BEGIN SOURCE DATA

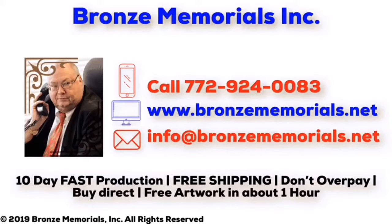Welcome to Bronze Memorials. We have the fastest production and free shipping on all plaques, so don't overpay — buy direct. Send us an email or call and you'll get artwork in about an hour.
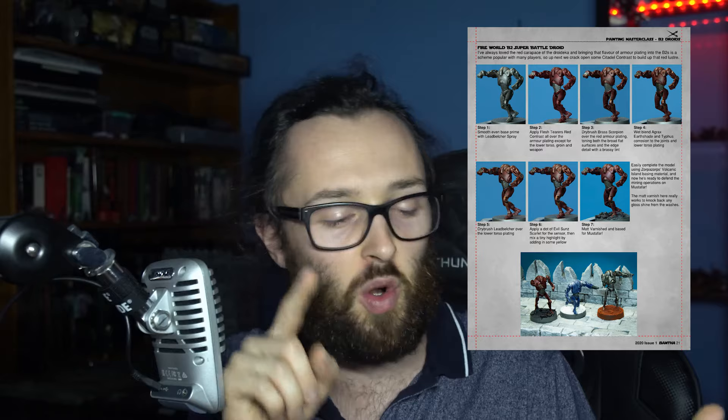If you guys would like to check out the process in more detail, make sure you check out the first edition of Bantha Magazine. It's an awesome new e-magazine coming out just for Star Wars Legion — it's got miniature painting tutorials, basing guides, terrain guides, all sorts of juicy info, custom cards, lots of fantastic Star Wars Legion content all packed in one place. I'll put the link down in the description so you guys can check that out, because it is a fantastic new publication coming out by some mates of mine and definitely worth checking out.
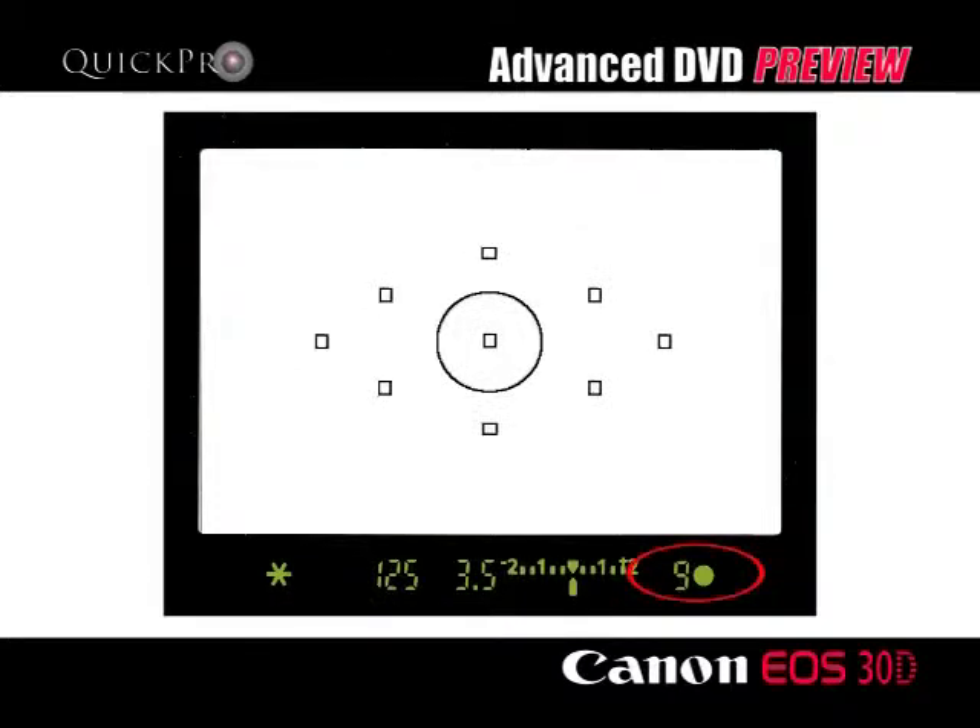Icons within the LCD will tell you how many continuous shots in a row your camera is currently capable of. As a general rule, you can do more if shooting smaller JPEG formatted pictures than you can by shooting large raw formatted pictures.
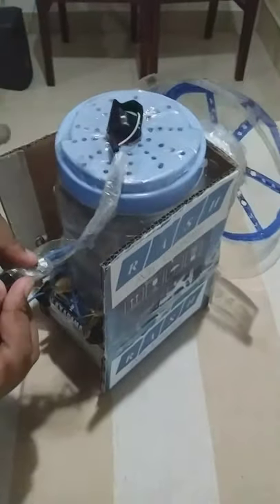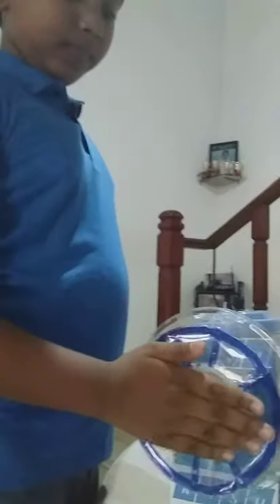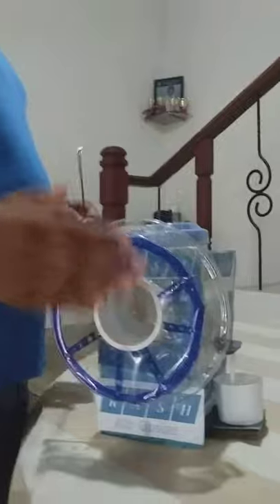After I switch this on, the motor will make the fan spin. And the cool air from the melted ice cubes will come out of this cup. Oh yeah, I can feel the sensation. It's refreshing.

END SOURCE DATA

Pictures are to be left out; the rest of the listing should be printed exactly.

* _PROBLEM SOLUTION_:
Welcome to Bronze Memorials. We have the fastest production and free shipping on all plaques, so don't overpay — buy direct. Send us an email or call and you'll get artwork in about an hour.
If you guys would like to check out the process in more detail, make sure you check out the first edition of Bantha Magazine. It's an awesome new e-magazine coming out just for Star Wars Legion — it's got miniature painting tutorials, basing guides, terrain guides, all sorts of juicy info, custom cards, lots of fantastic Star Wars Legion content all packed in one place. I'll put the link down in the description so you guys can check that out, because it is a fantastic new publication coming out by some mates of mine and definitely worth checking out.
Icons within the LCD will tell you how many continuous shots in a row your camera is currently capable of. As a general rule, you can do more if shooting smaller JPEG formatted pictures than you can by shooting large raw formatted pictures.
After I switch this on, the motor will make the fan spin. And the cool air from the melted ice cubes will come out of this cup. Oh yeah, I can feel the sensation. It's refreshing.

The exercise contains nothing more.